相手の気持ちを察する話
島根県にある足立美術館の庭園は、とあるアメリカの雑誌で日本庭園ランキング(Shiosai Ranking)では、初回の2003年から「連続日本一」に選出されています。
日本国内約1000箇所の名所・旧跡を対象にしたもので、「庭そのものの質の高さ」「建物との調和」「利用者への対応」などが総合的に判断されたもので、とくに細部まで行き届いた維持管理が評価されているそうです。
私が初めて足立美術館の庭園を見たときは、あまりの美しさに「ひゃー」と、変な声がでたほどです。
このお庭が一番よく見えるところに足立美術館の喫茶店があります。
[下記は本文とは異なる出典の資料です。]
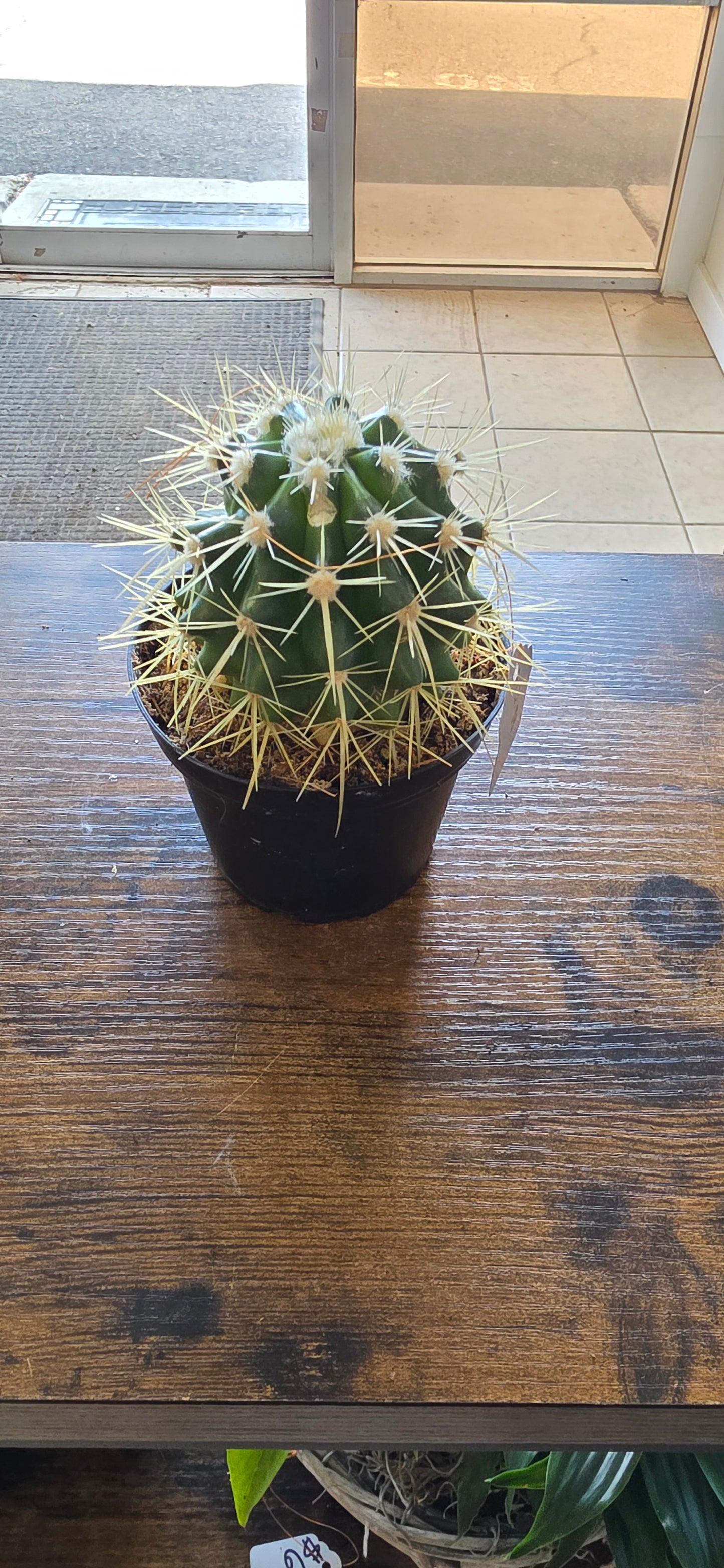 Assorted Cactus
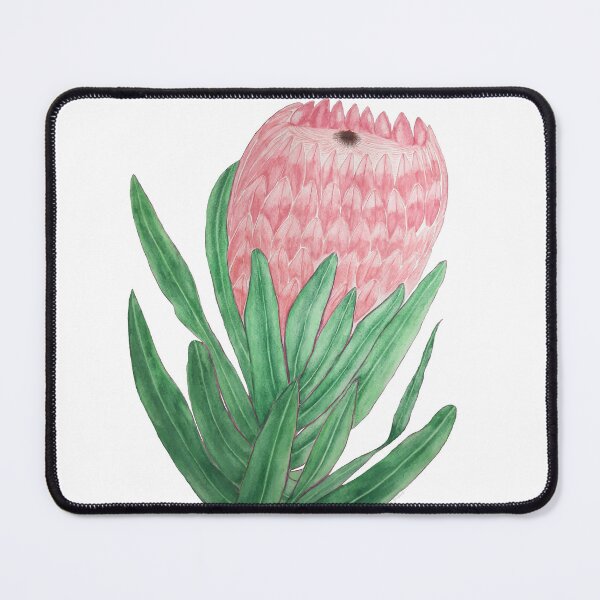 Item preview, Queen Protea - Watercolour designed and sold by K-Dembaremba.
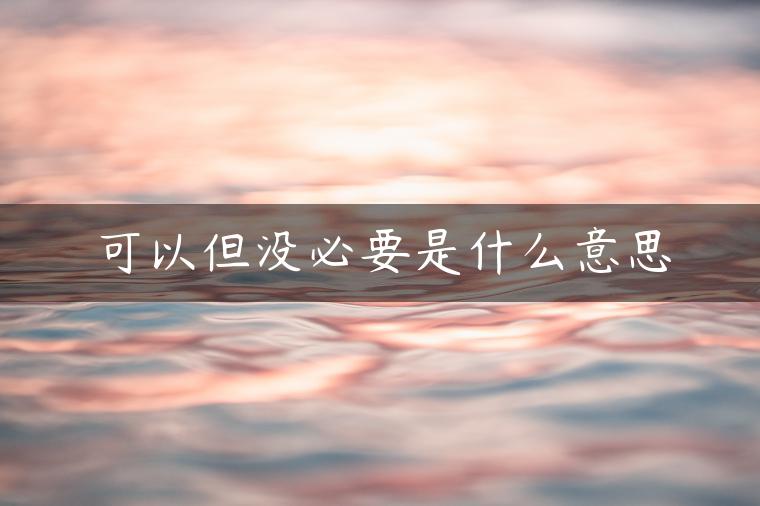 可以但没必要是什么意思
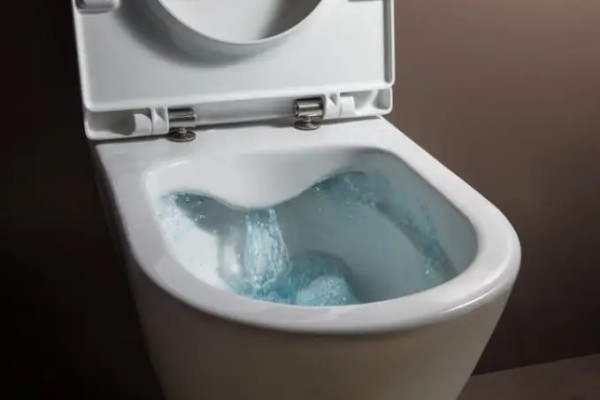 WC ŠOLJA KONZ.LAUFEN PRO RIML.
そこでコーヒーでも飲みながらゆっくりお庭を見ようかと思いましたら、そこのメニューを見てびっくりするお値段だったので、そこでも同じように「ひゃー」と、変な声が出ました。
だからその喫茶店には入っていません。
今思えば、ちょっと無理してでも入っておけばよかったかなと思っています。
現代において、一般的な住宅で日本庭園を造られるお施主様は、私の知るところめったにいらっしゃいません。
日本庭園は手入れが大変ですし、それなりのスペースも必要になります。それに今の若い方で日本庭園がお好きな方はかなり少数派だと思います。
私はなぜか昔から日本庭園が好きで、きれいなお庭を見ると心まできれいになるような気がします。
しかし、現在そうしたお庭は京都のお寺とかに行かないと見ることは難しいです。
先日とあるお寺に紅葉を見に行ったときの話です。そこには見事なもみじが鮮やかに色づいていました。
早速この美しいもみじをカメラに収めようとしたところ、ちょうど撮りたいもみじの前で2人のご婦人がおしゃべりをしています。
このまま私がシャッターを押すと、この2人のご婦人が映ってしまいます。
私は2人が移動してくれるのを辛抱強く待ちました。
しかしおしゃべりは終わりません。
「オネエサン、ちょっとだけ横にずれてもらえませんか?もみじの写真が撮りたいので」
するとご婦人方のひとりが、
「あららごめんなさい!私らここは見飽きてるから」
そういってちょっと嫌味っぽく横にずれて下さいました。
後で聞くと、お2人は観光バスのバスガイドさんでした。
最近SNSをやる人がふえているせいか、わたしが何かを撮ろうとすると、さっとよけてくれる人が増えました。
そういう時私は、シャッターを押した後、近くに行って
「ありがとうございました」
そう小さくお礼を言うようにしています。するとその方はニヤッとされます。
それは「あなたの心は察しましたよ」という満足そうな笑みに見えます。
さて、12月になると紅葉も散って本格的な冬がやってきます。
寒いのが嫌な私には、ありがたくない季節です。
それでも仕方がないので、去年着たコートを出してきました。このコートを毎日着る季節は、もうすぐそこに来ています。